Thompson, who told The Sunday Gleaner that she will go fully professional next season, while maintaining her studies at UTech, laughed when asked: "We heard you were a bit of a troublemaker?"
"It depends on what you call trouble," she smiled.
Running with the big girls
She would not go into details about the conversation with Francis, but hinted that it came after a bit of mischief and less-than-ideal execution and application on her part, with a poor performance at a track meet, tipping coach Francis into his sermon, or warning - or whatever it was.
"He (Francis) spoke to me and I took what he said in consideration. I knew he was saying the right things.

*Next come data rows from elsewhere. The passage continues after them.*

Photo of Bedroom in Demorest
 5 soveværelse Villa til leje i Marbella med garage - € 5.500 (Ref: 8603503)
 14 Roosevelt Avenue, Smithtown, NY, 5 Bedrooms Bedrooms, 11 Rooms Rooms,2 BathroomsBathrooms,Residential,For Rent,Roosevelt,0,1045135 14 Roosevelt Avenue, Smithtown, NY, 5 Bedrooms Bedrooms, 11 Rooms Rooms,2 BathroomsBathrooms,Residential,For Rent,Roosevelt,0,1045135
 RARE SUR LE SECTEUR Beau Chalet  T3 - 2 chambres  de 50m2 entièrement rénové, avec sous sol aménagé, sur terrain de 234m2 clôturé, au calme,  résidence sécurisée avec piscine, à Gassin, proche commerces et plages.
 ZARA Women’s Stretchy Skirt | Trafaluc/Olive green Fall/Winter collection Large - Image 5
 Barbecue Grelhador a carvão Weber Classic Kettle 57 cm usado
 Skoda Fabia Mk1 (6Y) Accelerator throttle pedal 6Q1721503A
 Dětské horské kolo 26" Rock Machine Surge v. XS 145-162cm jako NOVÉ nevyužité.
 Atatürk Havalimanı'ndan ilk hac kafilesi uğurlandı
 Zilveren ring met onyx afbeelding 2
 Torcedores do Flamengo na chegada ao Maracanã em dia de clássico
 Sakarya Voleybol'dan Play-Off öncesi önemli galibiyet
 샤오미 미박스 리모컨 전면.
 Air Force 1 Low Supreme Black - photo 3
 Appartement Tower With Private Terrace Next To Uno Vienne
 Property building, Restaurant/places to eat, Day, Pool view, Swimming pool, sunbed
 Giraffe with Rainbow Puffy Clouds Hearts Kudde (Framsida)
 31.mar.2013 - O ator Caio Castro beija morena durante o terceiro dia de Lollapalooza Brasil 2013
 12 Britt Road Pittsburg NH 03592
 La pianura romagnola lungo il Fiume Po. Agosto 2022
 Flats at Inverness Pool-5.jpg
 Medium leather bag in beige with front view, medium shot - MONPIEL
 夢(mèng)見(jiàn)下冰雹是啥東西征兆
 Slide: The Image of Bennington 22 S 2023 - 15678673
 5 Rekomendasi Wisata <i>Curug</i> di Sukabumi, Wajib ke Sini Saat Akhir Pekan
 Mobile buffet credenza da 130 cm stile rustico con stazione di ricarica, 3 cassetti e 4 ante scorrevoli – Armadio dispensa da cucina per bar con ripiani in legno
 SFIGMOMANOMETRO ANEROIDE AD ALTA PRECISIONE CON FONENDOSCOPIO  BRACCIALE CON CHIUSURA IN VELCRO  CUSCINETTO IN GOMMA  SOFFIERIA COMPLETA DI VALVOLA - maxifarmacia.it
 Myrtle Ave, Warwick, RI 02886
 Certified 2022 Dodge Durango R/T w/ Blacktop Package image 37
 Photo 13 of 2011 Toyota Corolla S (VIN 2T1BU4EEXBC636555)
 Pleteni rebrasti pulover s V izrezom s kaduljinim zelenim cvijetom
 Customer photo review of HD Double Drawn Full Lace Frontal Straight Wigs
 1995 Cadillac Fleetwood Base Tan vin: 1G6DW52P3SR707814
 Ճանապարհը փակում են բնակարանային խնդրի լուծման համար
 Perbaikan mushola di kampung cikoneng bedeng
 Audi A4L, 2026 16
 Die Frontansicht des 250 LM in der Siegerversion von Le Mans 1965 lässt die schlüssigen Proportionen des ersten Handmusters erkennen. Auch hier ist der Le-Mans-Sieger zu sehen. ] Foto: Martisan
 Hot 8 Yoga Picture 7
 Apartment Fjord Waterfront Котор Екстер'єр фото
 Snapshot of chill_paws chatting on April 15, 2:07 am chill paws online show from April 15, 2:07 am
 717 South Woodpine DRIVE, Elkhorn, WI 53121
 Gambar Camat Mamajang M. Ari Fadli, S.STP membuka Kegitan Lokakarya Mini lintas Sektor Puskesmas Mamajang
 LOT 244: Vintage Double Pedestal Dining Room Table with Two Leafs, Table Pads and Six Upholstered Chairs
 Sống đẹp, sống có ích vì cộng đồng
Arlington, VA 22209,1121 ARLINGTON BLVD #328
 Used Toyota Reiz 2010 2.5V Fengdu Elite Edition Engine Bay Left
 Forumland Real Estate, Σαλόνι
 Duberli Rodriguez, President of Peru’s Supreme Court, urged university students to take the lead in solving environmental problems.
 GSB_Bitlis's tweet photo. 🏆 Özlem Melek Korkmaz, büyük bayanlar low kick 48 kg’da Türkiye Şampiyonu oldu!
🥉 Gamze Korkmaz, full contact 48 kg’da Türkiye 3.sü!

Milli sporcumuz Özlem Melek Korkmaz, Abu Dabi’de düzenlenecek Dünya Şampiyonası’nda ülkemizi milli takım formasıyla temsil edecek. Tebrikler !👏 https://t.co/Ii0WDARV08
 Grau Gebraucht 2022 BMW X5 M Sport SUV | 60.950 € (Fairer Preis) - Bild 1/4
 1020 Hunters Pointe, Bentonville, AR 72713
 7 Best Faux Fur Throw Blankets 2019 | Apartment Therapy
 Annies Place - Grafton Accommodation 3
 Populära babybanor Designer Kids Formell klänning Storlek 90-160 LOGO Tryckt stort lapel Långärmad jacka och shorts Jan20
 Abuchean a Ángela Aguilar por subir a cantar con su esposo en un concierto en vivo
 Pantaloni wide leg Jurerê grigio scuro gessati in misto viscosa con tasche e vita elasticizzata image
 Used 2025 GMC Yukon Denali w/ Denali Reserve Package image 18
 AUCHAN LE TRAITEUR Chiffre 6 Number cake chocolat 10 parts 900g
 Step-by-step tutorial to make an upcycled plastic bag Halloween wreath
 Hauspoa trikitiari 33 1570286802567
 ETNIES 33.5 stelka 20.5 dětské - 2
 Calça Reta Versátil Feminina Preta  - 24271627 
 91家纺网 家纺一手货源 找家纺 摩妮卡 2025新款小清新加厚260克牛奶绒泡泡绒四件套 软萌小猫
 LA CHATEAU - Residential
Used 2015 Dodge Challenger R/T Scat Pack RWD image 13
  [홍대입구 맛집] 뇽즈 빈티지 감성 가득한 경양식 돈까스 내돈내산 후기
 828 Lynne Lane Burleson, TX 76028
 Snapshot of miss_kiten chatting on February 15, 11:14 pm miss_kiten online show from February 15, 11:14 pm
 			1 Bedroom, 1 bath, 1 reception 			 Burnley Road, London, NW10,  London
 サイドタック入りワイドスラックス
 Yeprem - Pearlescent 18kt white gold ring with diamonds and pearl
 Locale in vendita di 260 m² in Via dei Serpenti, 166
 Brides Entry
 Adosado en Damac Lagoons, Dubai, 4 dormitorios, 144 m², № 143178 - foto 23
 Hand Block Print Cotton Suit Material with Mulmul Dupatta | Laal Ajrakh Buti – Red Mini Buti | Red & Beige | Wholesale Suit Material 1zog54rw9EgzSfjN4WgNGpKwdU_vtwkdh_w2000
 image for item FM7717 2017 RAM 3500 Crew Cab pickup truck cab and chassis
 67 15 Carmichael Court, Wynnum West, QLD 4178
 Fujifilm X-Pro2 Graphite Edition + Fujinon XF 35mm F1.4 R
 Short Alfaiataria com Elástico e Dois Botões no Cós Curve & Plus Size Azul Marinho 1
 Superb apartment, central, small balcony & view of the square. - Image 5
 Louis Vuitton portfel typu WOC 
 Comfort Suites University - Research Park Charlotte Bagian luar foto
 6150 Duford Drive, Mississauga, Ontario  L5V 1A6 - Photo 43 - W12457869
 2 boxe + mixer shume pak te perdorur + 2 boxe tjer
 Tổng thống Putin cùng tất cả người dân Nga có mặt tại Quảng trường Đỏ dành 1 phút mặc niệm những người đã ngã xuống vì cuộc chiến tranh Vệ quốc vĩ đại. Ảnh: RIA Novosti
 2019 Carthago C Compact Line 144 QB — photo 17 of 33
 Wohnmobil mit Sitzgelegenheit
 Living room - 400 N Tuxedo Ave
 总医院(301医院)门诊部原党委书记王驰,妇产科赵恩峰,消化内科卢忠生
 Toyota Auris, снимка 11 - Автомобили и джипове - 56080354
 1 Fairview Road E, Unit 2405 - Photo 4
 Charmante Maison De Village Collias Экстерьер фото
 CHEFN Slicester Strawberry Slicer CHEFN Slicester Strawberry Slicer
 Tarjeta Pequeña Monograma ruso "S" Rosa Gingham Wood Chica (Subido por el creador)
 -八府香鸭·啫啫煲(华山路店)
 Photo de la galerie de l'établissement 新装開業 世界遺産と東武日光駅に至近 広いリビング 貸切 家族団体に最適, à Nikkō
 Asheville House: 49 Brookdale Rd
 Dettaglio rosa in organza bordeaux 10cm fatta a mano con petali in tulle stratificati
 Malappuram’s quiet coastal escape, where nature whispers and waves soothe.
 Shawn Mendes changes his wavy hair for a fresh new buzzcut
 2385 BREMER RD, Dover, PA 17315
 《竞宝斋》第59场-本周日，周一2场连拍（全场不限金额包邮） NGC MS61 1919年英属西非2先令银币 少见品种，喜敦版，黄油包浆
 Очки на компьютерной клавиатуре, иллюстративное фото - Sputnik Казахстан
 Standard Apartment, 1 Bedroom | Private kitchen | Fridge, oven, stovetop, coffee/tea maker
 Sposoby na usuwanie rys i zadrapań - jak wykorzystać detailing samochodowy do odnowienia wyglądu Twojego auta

I knew that I needed to listen," said Thompson, who ran her last 200m of the season in Brussels on Friday, where she finished third in 22 behind World champion Dafne Schippers, 22.12, and Olympic champion Allyson Felix, 22.22.
"I went to a track meet and didn't do too well and he basically took me to the side and gave me a speech that really motivated me and changed my life," Thompson shared. "I can't say (exactly what he said), but he basically said that I was not in high school anymore and I needed to take things more seriously; that I needed to realise that I am running with the big girls now, so it pushed me to take it seriously."
That's exactly what she has done.
Thompson, hardly a blimp on the track and field radar in 2014, was flickering from her first few strides this season with her 11.10 run at the Intercollegiate Championships in March, raising a few eyebrows.
By the time May had ended, she was blazing hot with three sub-11 seconds clockings in the 100 metres and a 22.32 200-metre time to her name. She duly capped her meteoric rise with a silver medal in Beijing in a time of 21.66, which makes her not only the second fastest Jamaican ever, but also the fifth fastest ever to run a 200m.
Not to mention being the face of an islandwide campaign by one of the country's premier financial institutions. Not bad for a girl from Banana Ground in Manchester, who went through Christiana and then Manchester High before enrolling at UTech with very little fanfare.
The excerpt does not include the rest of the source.